Guitar Hero 5: Warriors of Rock Screenshot

Remember RedOctane? I sure do. It went from making game controllers (and renting games!) to releasing an $80 peripheral with a game called Guitar Hero. I thought it was nuts for doing this. But almost six years later it looks like one of the greatest videogame risks and success stories (after the Nintendo Wii).

Guitar Hero shouldn't have been a success. Eighty dollars is hardly chump-change, but like the $250 Wii, consumers overlooked the exorbitant price for the opportunity to rock out to their favorite musical hits. That it wasn't a real guitar didn't matter. That you weren't so much playing music as mimicking music playing didn't matter. It didn't take much more than picking up the guitar, popping in the game disc to turn yourself into a, ahem, guitar hero.

Thought dead since the days of PaRappa the Rapper and Space Channel 5,  there was now new hope and expectations for the musical game genre. Red Octane got bought up by Activision, Harmonix was bought up by MTV Games/Viacom and went on to create Guitar Hero's rival, Rockband.Everyone thought they could ride this rhythm-gaming gravy train forever.

Then problems popped up. It probably seemed really simple to the rest of us. Release a piece of hardware, then release software that can only be played on that hardware. That was how console manufacturers traditionally made their money and it looked like it could be done with Guitar Hero as well. But then they (Activision) got greedy and lost sight of just who the market for Guitar Hero was. Out came new guitars and full price software when one standard controller and budget-priced releases or downloadable content would have made more sense. Activision also lost sight of who the market was.

It also succumbed to stiff competition, ironically enough, from the game developed by the same guys that created Guitar Hero. With the help of Electronic Arts, Harmonix brought Rockband to the masses and essentially turned things up a notch. Guitar Hero and Rockband really did a great job of one-upping each other. Unfortunately, for Guitar Hero, it lost out. Sales tumbled and its final sequel, Guitar Hero 5: Warriors of Rock was the poorest selling in franchise's history.

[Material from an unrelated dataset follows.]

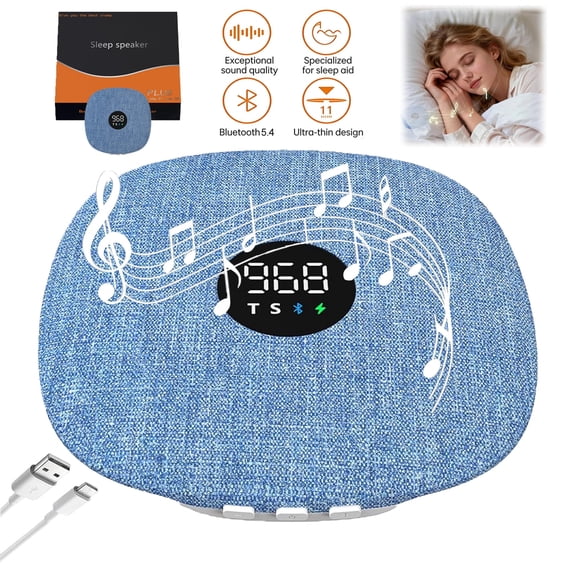 LC-dolida Under Pillow Speaker for Sleeping,Bone Conduction Bluetooth Pillow Speaker with Timer LED Display,Support TF Card Dual Audio Playback Stereo Sound Sleep Aid for Side Sleepers,Insomnia(Blue)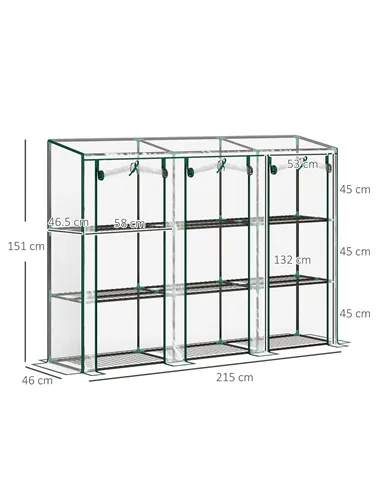 Outsunny 46 x 215cm Nine-Shelf Greenhouse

That was enough for Activision, a company that doesn't seem to like anything in its portfolio that isn't a multi-million-seller. Guitar Hero is now no more and no more content, downloadable or otherwise, is expected to be released in the foreseeable future.

In a nutshell, I am sorry to see the franchise go. I am sorry to see at end to any videogame franchise that reinvigorates a genre and brings it to mass market. The bright side is that Harmonix will still be around as will many of the developers who have made the likes of Dance Dance Revolution, PaRappa the Rapper, Rez, Vib-Ribbon and Taiko: Drum Master. Guitar Hero in its present form may be over, but it could be back for an encore appearance somewhere down the line.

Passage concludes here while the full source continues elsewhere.